Authors: Jianxin Li, Xiangfeng Lu, Fangchao Liu, Fengchao Liang, Keyong Huang, Xueli Yang, Qingyang Xiao, Jichun Chen, Xiaoqing Liu, Jie Cao, Shufeng Chen, Chong Shen, Ling Yu, Fanghong Lu, Xianping Wu, Liancheng Zhao, Xigui Wu, Ying Li, Dongsheng Hu, Jianfeng Huang, Meng Zhu, Yang Liu, Hongbing Shen and Dongfeng Gu

Source: This abstract has been sourced from NZ Respiratory Research Review Issue 193


    Rationale: Limited cohort studies have evaluated chronic effects of high fine particulate matter (particulate matter with an aerodynamic diameter ≤2.5 μm [PM2.5]) exposure on lung cancer.

    Objectives: To investigate the response pattern of lung cancer associated with high PM2.5 exposure.

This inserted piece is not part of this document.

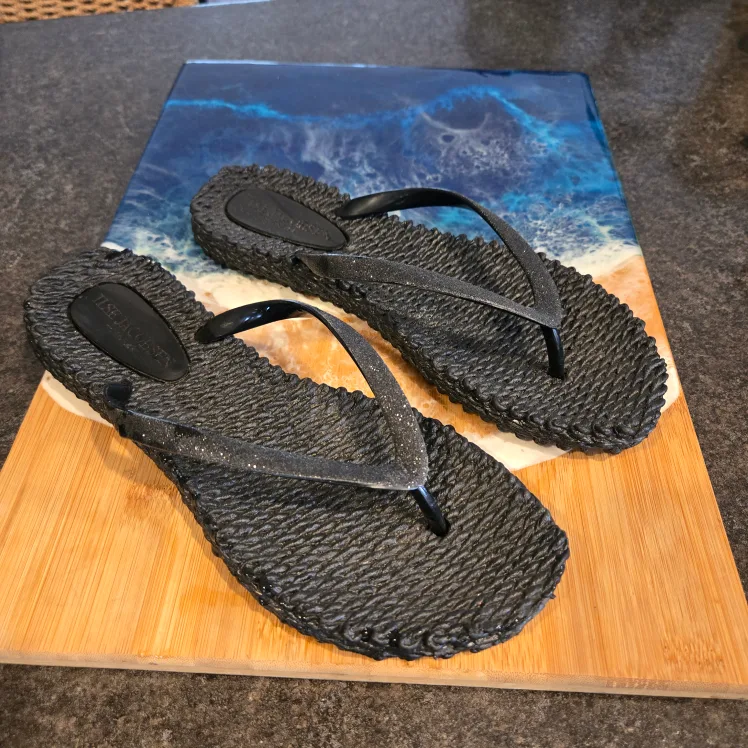 Ilse Jacobsen Black Flip Flops Size 7 thumbnail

    Methods: A Chinese cohort of 118,551 participants was followed up from 1992 to 2015. By incorporating PM2.5 exposure at 1 km spatial resolution generated using the satellite-based model during 2000–2015, we estimated the association between lung cancer and time-weighted average PM2.5 concentration using Cox proportional hazard models.

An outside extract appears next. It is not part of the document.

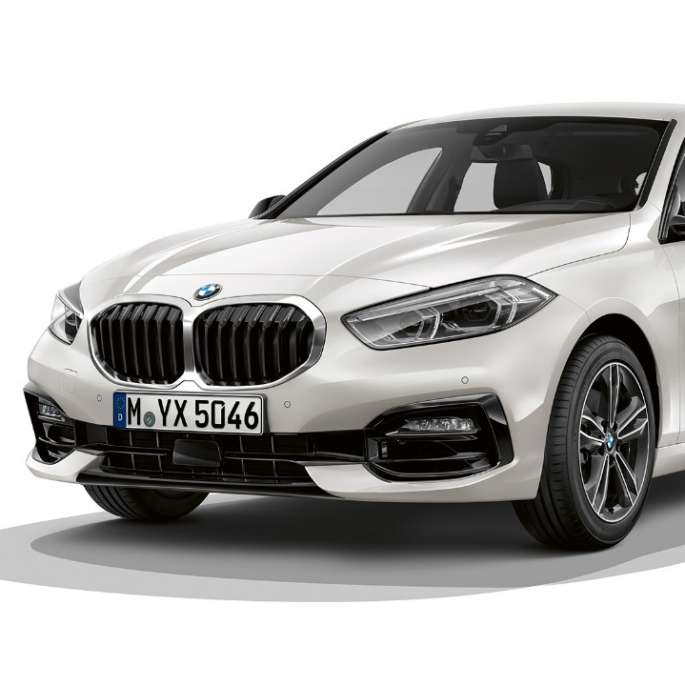 BMW 1er Modell Sport, Dreiviertel-Front. BMW 1er Modell Sport in Mineralweiß metallic, Studioaufnahme Dreiviertel-Front.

    Measurements and Main Results: A total of 844 incident lung cancer cases were identified during 915,053 person-years of follow-up. Among them, 701 lung cancer deaths occurred later. The exposure–response curves for lung cancer associated with PM2.5 exposure were nonlinear, with steeper slopes at the higher concentrations. Adjusted for age, sex, geographical region, urbanization, education level, smoking status, alcohol consumption, work-related physical activity, and body mass index, participants exposed to the second-fifth quintiles of PM2.5 had higher risk for lung cancer incidence than those exposed to the first quintile, with hazard ratios of 1.44 (95% confidence interval [CI], 1.10–1.88), 1.49 (95% CI, 1.12–1.99), 2.08 (95% CI, 1.42–3.04), and 2.45 (95% CI, 1.83–3.29), respectively. The corresponding hazard ratios for lung cancer mortality were 1.83 (95% CI, 1.33–2.50), 1.80 (95% CI, 1.29–2.53), 2.50 (95% CI, 1.62–3.86), and 2.95 (95% CI, 2.09–4.17), respectively.

    Conclusions: We provide strong evidence that high PM2.5 exposure leads to an elevated risk of lung cancer incidence and mortality, highlighting that remarkable public health benefits could be obtained from the improvement of air quality in highly polluted regions.